====== Source material
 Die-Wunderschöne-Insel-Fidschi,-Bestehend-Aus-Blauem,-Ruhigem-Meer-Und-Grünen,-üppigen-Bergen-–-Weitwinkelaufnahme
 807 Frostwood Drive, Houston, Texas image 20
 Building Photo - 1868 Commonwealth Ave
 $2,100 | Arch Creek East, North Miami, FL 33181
============
Your response must consist of every line above, reproduced exactly.

 Die-Wunderschöne-Insel-Fidschi,-Bestehend-Aus-Blauem,-Ruhigem-Meer-Und-Grünen,-üppigen-Bergen-–-Weitwinkelaufnahme
 807 Frostwood Drive, Houston, Texas image 20
 Building Photo - 1868 Commonwealth Ave
 $2,100 | Arch Creek East, North Miami, FL 33181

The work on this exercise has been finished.